** Opening Data for analysis block **

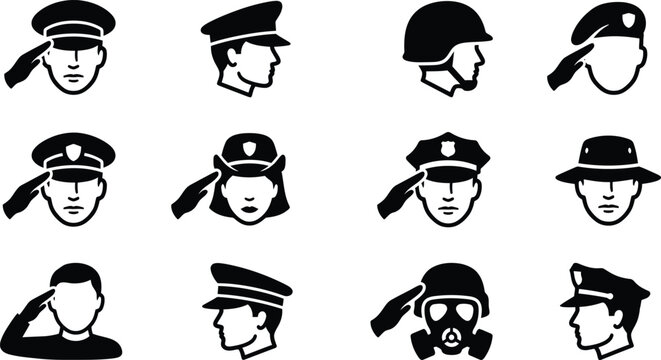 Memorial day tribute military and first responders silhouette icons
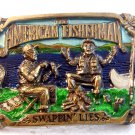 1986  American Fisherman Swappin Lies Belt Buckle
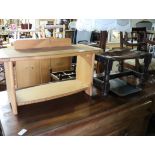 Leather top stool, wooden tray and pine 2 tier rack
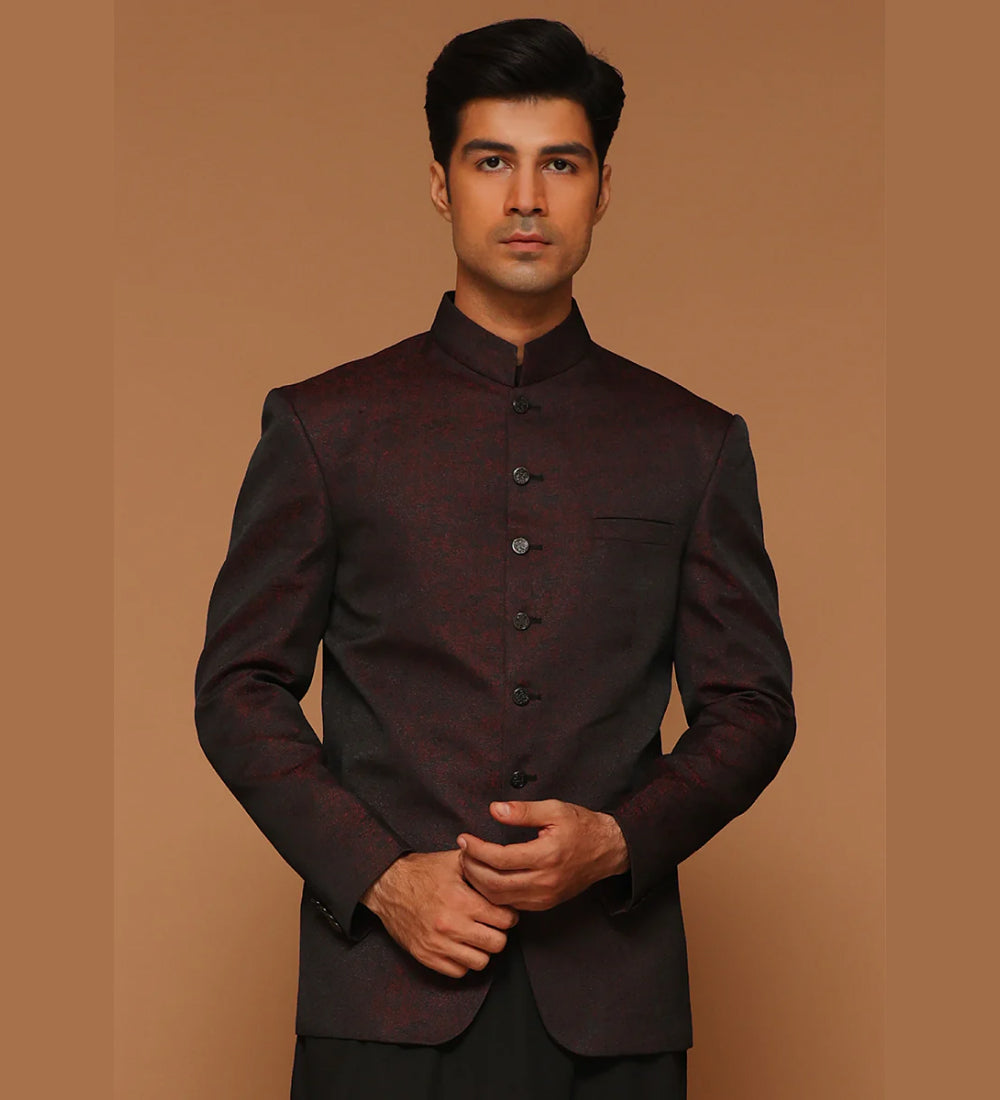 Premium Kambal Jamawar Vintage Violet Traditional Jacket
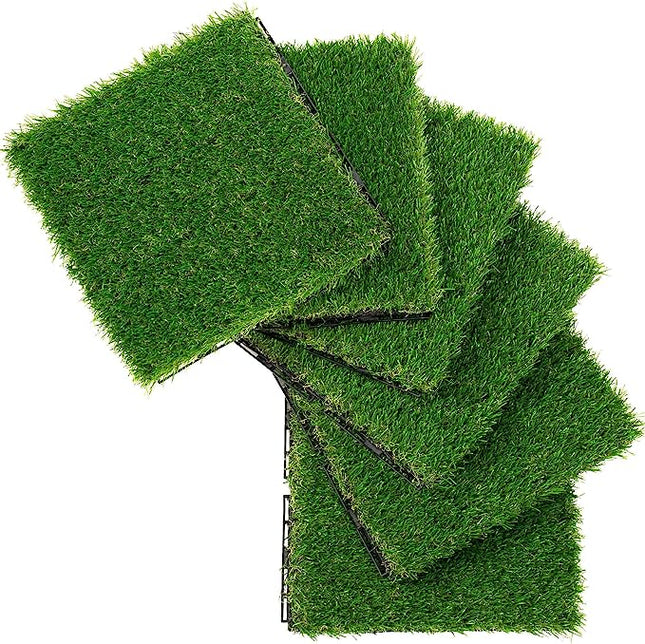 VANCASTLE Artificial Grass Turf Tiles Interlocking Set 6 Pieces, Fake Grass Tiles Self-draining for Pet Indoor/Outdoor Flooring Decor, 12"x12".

** Closing Data for analysis block **
** Opening Data for analysis block **

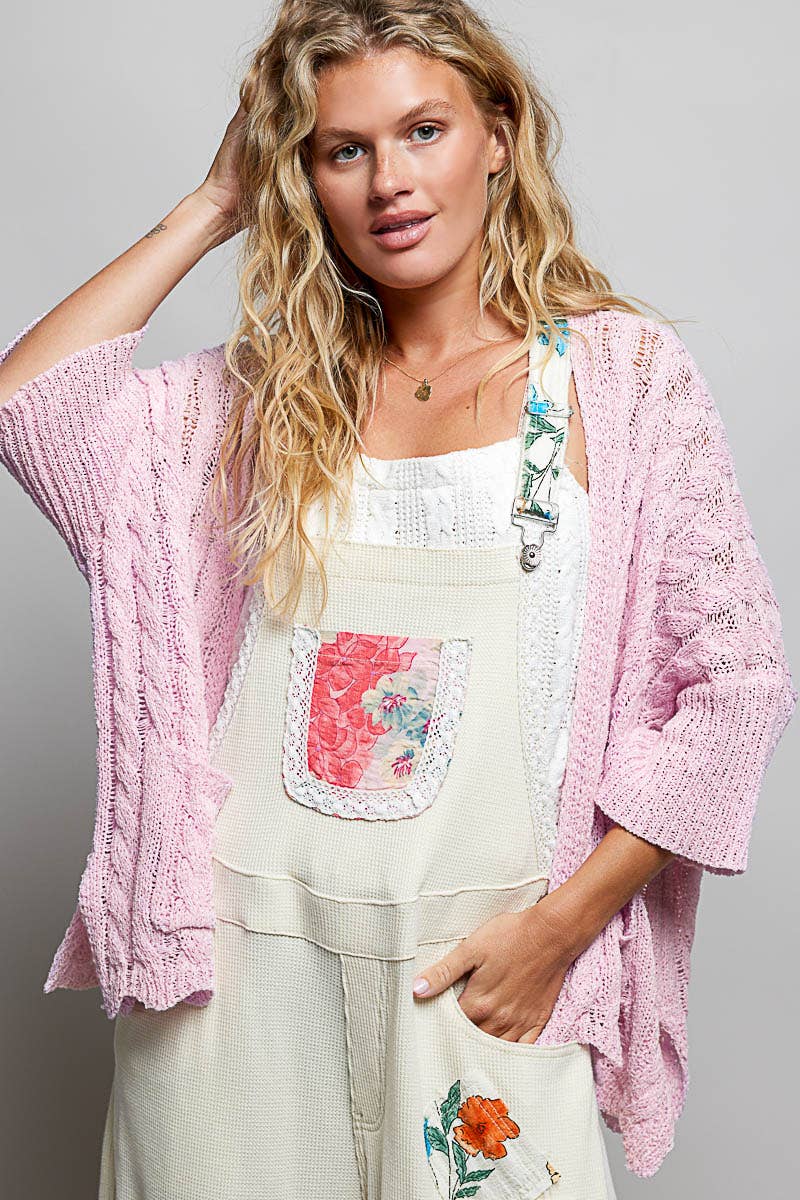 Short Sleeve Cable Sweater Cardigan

** Closing Data for analysis block **

:: Try it ::
Only the lines starting at the one with "Leather top stool, wooden" and ending at the one with "VANCASTLE Artificial Grass" should be printed, each exactly as it appears in the material above; the pictures are to be omitted.

:: Exercise answer ::
 Leather top stool, wooden tray and pine 2 tier rack
 Premium Kambal Jamawar Vintage Violet Traditional Jacket
 VANCASTLE Artificial Grass Turf Tiles Interlocking Set 6 Pieces, Fake Grass Tiles Self-draining for Pet Indoor/Outdoor Flooring Decor, 12"x12".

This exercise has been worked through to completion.